熱帯の島に建築されたデビッド・ハーツによるサステイナブルな「セイルハウス」がA+アワードを受賞
国際的な建築家 デビッド・ハーツが率いるデビッド・ハーツ・アーキテクツ・スタジオがデザインした「セイルハウス」が、このたびArchitizerが主催する世界最大規模の建築アワード「A+アワード」のプライベートハウス部門(6,000スクエアフィート未満)で審査員賞を受賞した。「セイルハウス」は、カリブ海のグレナディーン諸島に建設された、点在する建物の集合体。この地のヨット文化にインスパイアされたマリン風の張力構造の屋根が特徴の、ゲストハウスを完備した住居である。
「セイルハウス」は、木製の船、マストと帆、そしてそれを支えるステンレススチールの索具などから着想を得て、それらのイメージを住居に適用させたものです。
デビッド・ハーツ
資源が限られるカリブ海での建設では、電気系統や給排水設備からカスタムメイドの梁や支柱などの構造システムまで、全てのシステムを埋め込んだプレハブを、ひとつの器具で簡単に組み立てられる状態でコンパクトに梱包し、15個のコンテナで輸送。運送における効率化と廃棄物ゼロを目指した。プレハブの基礎は、コンクリートの箱の上に設置され、貯水槽となり、住居を地面に固定する錨にもなる。さらに、片持ち梁の支柱にもなることで、建物のジャングルへの影響を最小限にとどめている。
当プロジェクトのメインゴールは、「サステイナビリティ」でした。ボルネオの埠頭で廃棄された硬質木材を再利用。白アリが発生しにくい非腐食性の高いアルミ構造を包んだり、床やデッキ、日照量や気流を調整するルーバーに活用しました。
デビッド・ハーツ
他のインテリアや外装は、編んだヤシやココナッツ殻の破片をはじめ、自然の素材を高度な技術で加工したパネルで仕上げられた。これらの細工は、ジャワ島とバリ島の熟練した職人が手掛けた。

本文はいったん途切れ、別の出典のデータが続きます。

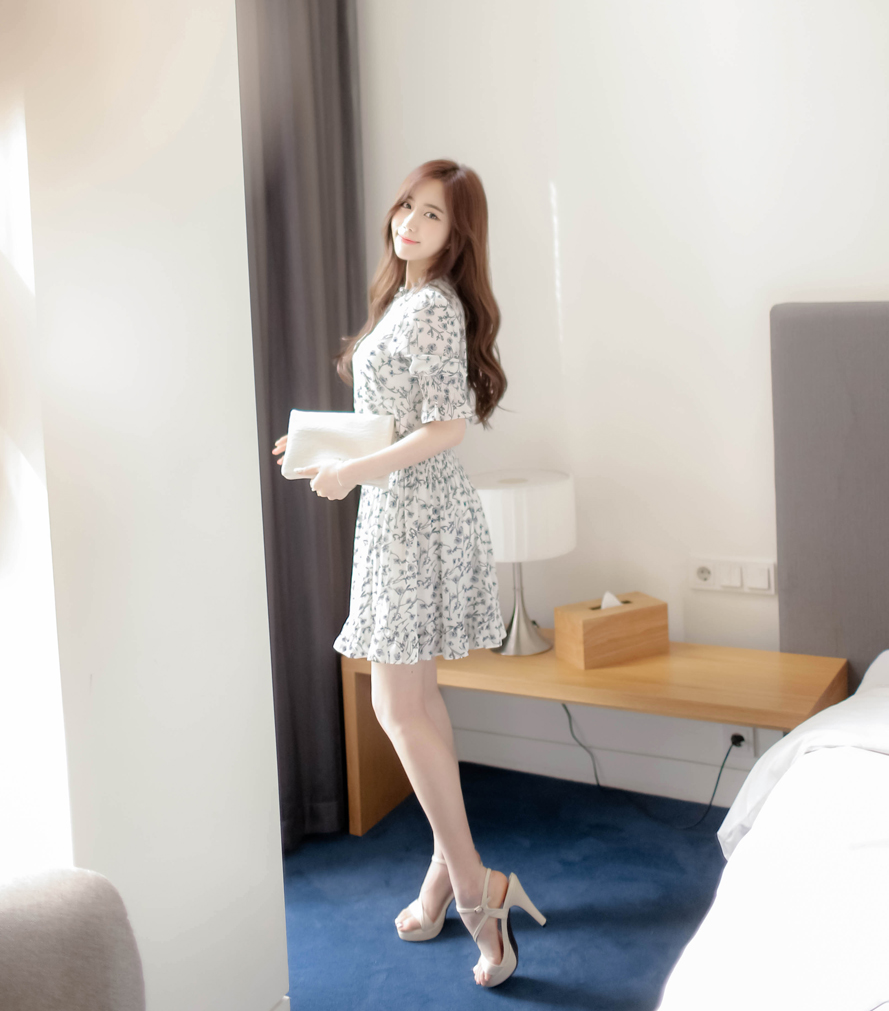 女神金贞延碎花多皱休闲连衣裙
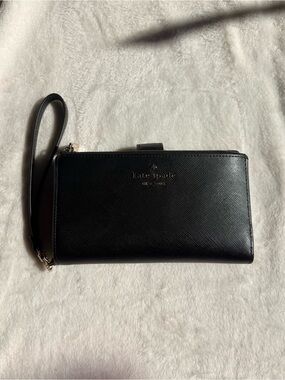 **NWOT** kate spade Black Leather Wristlet Wallet with Strap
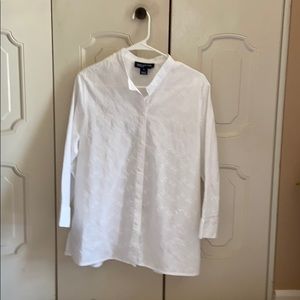 Jones New York Signature White eyelet top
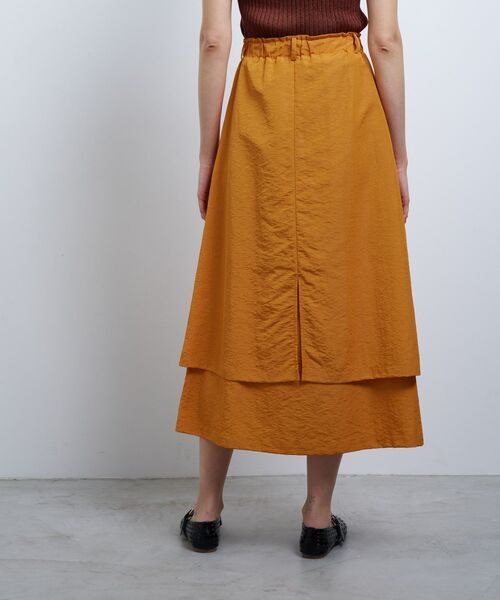 LANVIN en Bleu（ランバンオンブルー）の「撥水レイヤードスカート（スカート・レディース・オレンジ/オフホワイト/ブラック・38/36）」の9枚目の写真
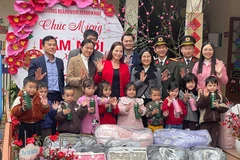 Lãnh đạo Quỹ Bảo trợ trẻ em Việt Nam, đại diện Everpia tặng quà học sinh Trường mầm non Minh Khai, tỉnh Lạng Sơn, nhân dịp Tết Nguyên đán 2026. (Ảnh BTC)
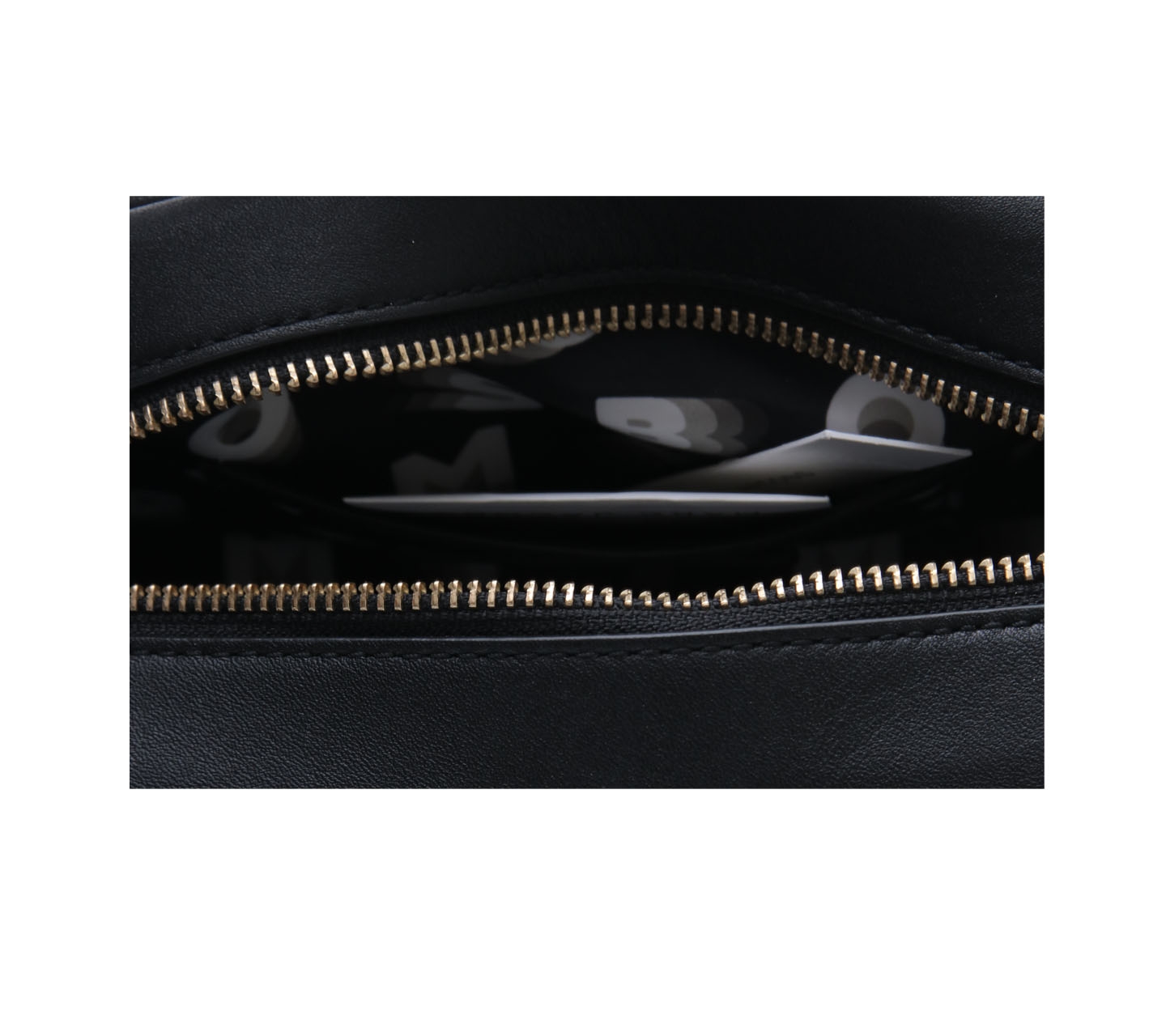Marc jacobs Black Flash Top Zip Leather Sling Bag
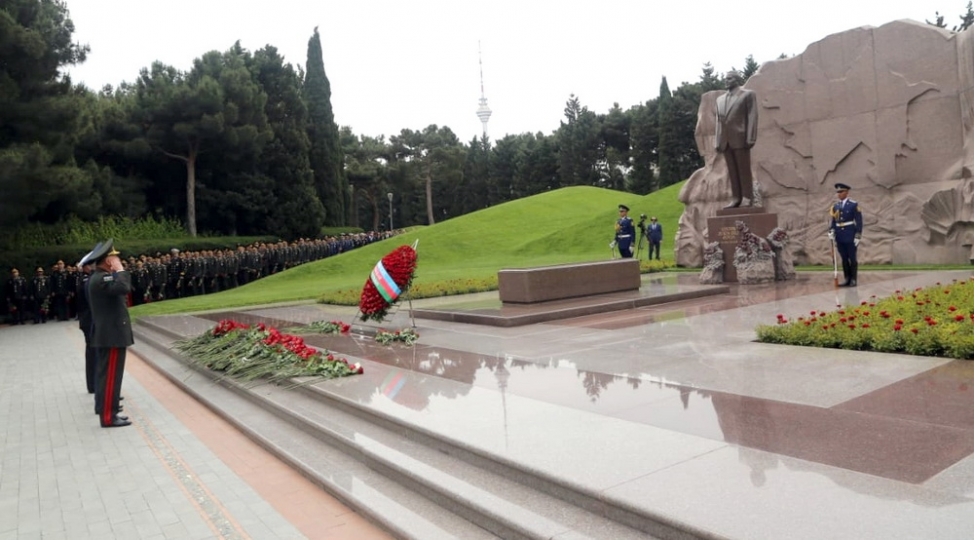 mudafie-nazirliyinin-rehberliyi-fexri-xiyabani-ziyaret-edib-video-foto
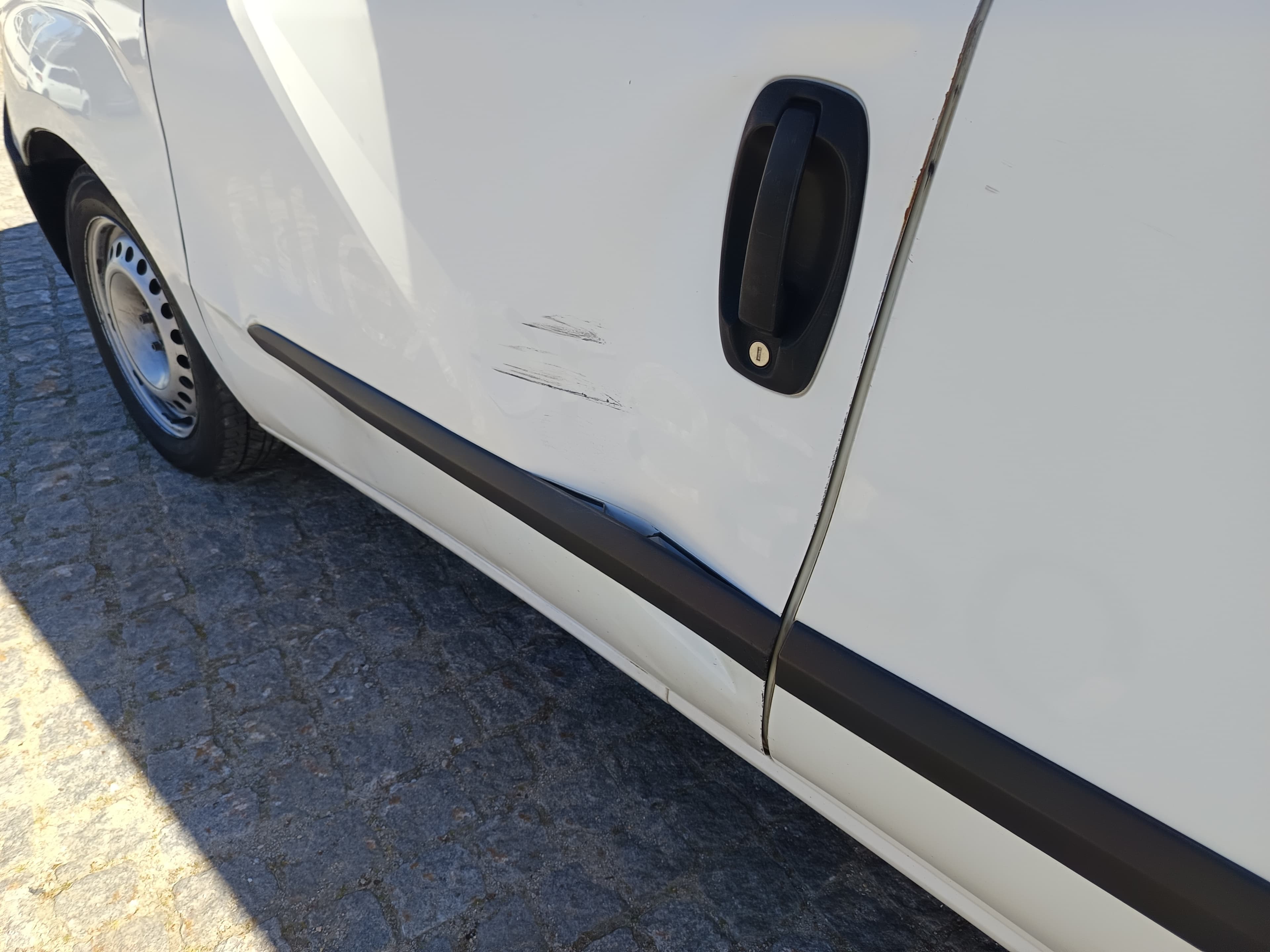 Opel Combo · Ano 2017 — imagem 15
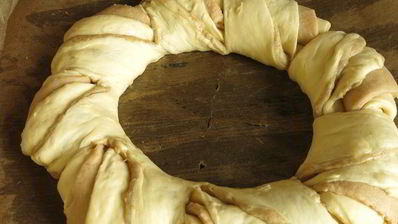 хлеб-венок три теста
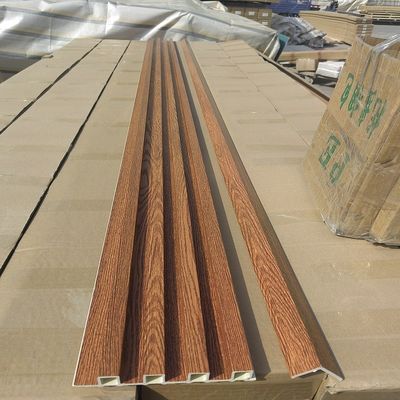 Le panneau de mur en bois de PVC WPC de grain a tuyauté le panneau de mur des panneaux de mur WPC 3D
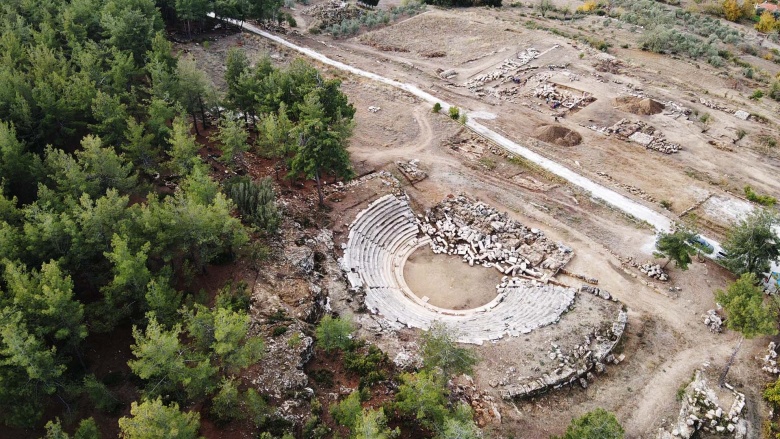 Muğla'nın Kavaklıdere ilçesindeki Hyllarima Antik Kenti'nde arkeoloji kazıları sürüyor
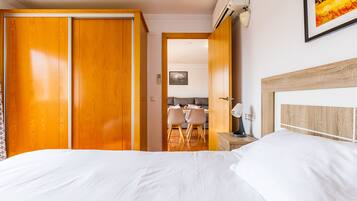 2 chambres, fer et planche Ă repasser, Wi-Fi gratuit, draps fournis
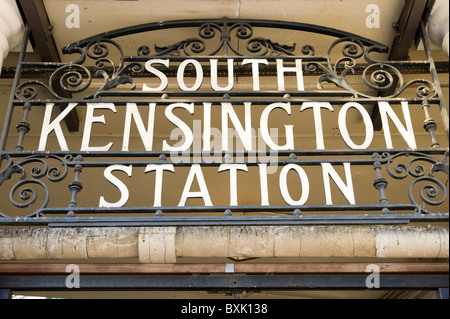 La stazione della metropolitana di South Kensington, Londra, Inghilterra, Regno Unito Foto Stock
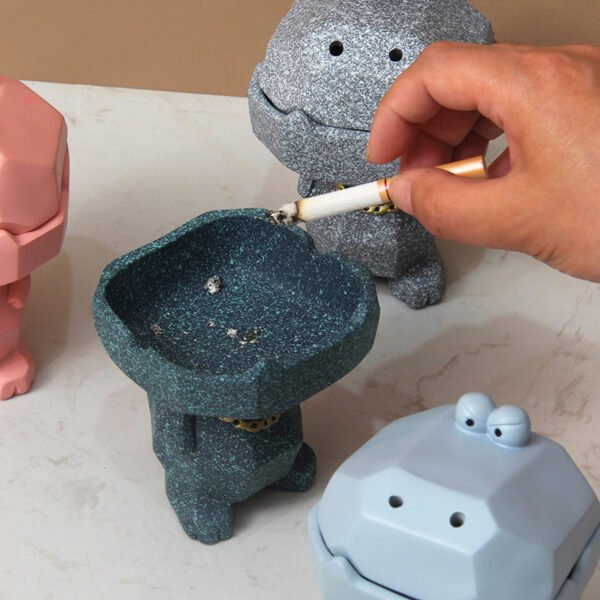 Resin Cool Crocodile Ashtray - Image 5
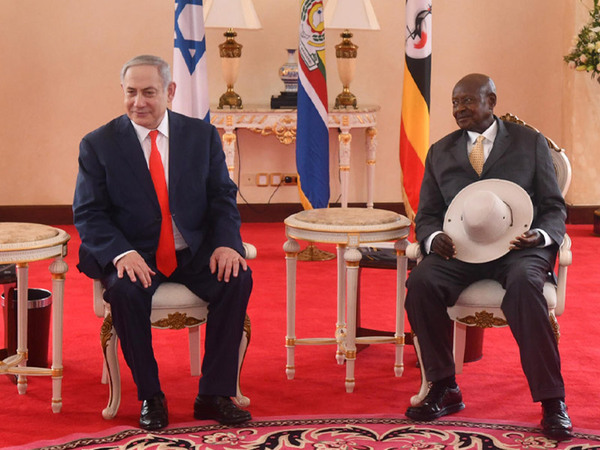 Premierminister Benjamin Netanyahu und Präsident Yoweri Museveni in Entebbe, Uganda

このサステイナブルなプロジェクトを構成する要素は、雨水回収システム、廃棄木材の再利用、自然換気システム、太陽光発電システムなどである。自家発電・給水設備を備え、家の内外の空気の流れや湿度を調整するデザインで、地形や気象条件などを活用して風、水、光などの微気候を効果的にコントロールしている。張力構造の屋根は、赤道直下の強烈な日射を避ける大きな覆いとなり、通常の堅い屋根とは異なる広く深い日陰を提供する。湾曲したデザインは、雨水を効率的に回収し、ところどころに形成された煙突からは熱を放出。空気循環を最大限に行える構造だ。基盤に作られた貯水槽からは、中央のマストを経由して屋内に涼しい空気を送り込むことができる。大きな屋根に降った雨や露は、屋根の端にあるステンレススチールのプレートに集められ、マストを通過して基盤のコンクリートに流れ込む仕組みだ。冷却機能と同時に、敷地内で利用する水を一年中、100%供給する給水の機能も兼ね備えている。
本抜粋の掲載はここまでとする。